**Work to complete**
Quote the lines of the data below verbatim, beginning at the line that contains "Konica Minolta DiMAGE" and ending at the last line, both included, and excluding pictures.
** Opening Material provided block **
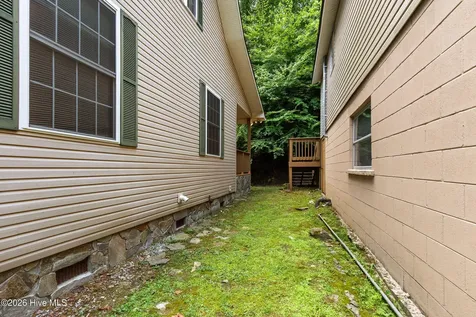 95 Cherokee Avenue Andrews NC 28901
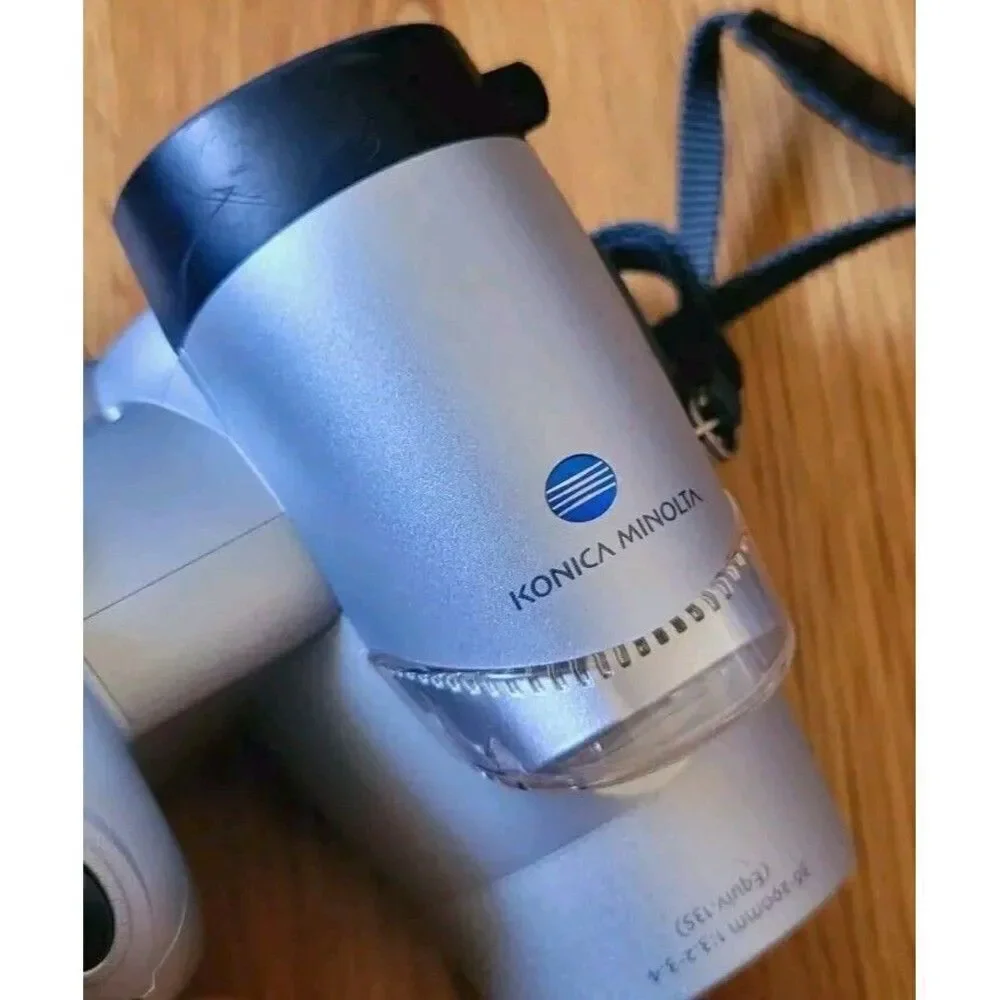 Konica Minolta DiMAGE Z10 3.2MP Digital Camera - Silver 8x ZOOM Not Tested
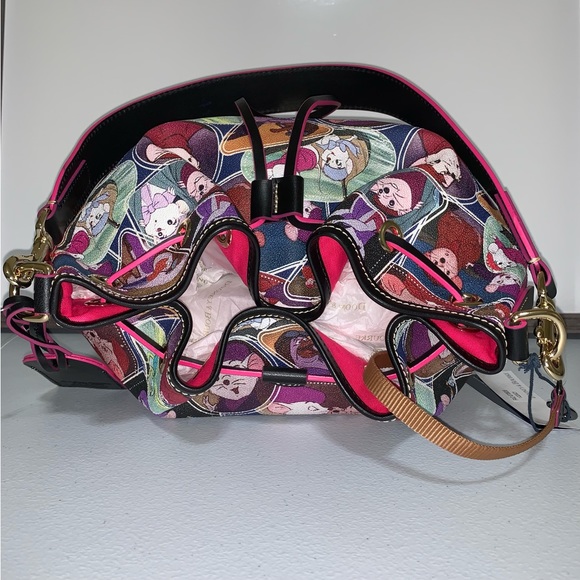 Disney “The Rescuers” Dooney & Bourke Drawstring Bucket Shoulder Bag-NWT - Picture 5 of 11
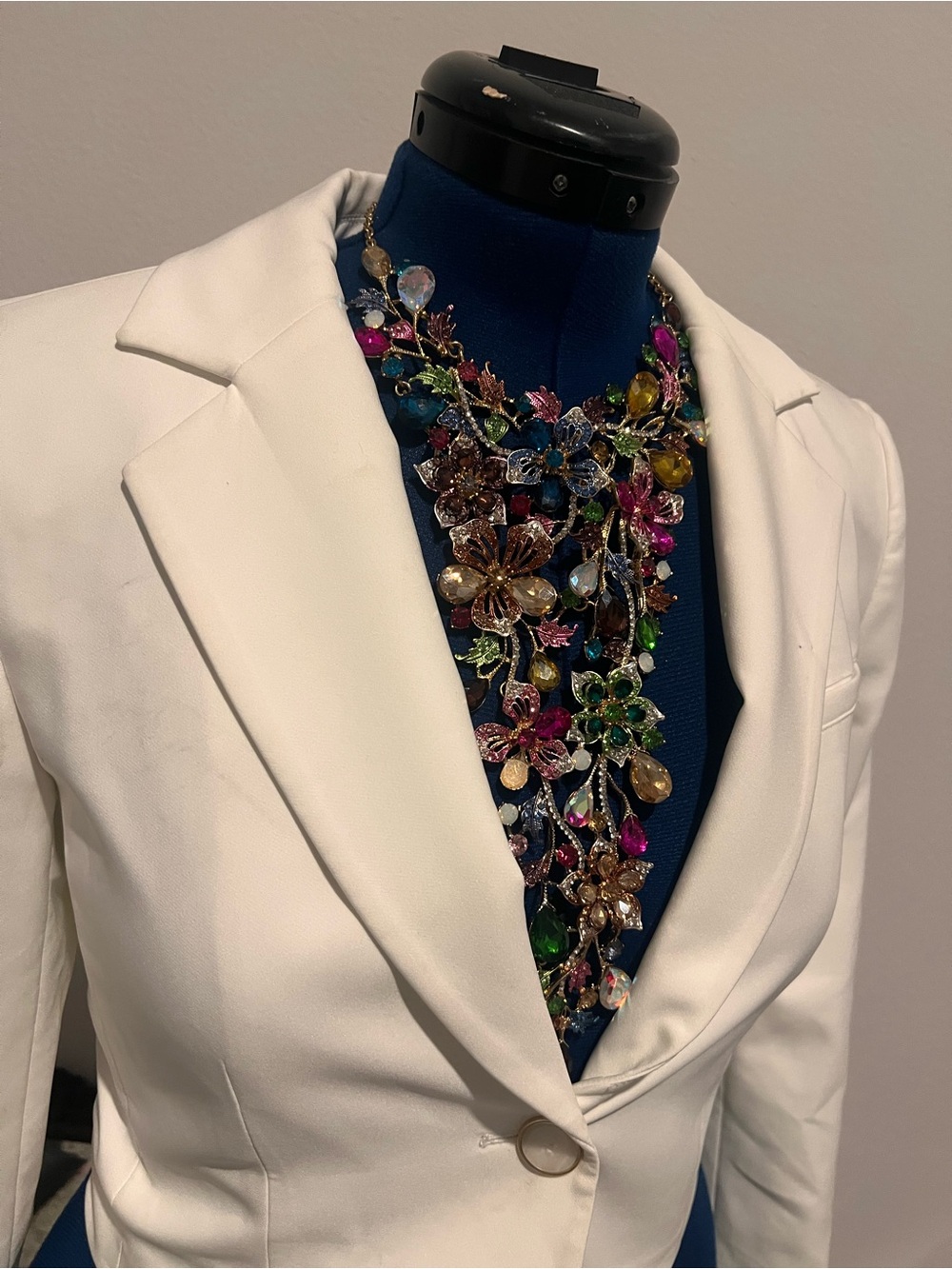 Christian Siriano Multicolor Floral Crystal Bib Necklace - Picture 3 of 15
** Closing Material provided block **
**Solution for this exercise**
 Konica Minolta DiMAGE Z10 3.2MP Digital Camera - Silver 8x ZOOM Not Tested
 Disney “The Rescuers” Dooney & Bourke Drawstring Bucket Shoulder Bag-NWT - Picture 5 of 11
 Christian Siriano Multicolor Floral Crystal Bib Necklace - Picture 3 of 15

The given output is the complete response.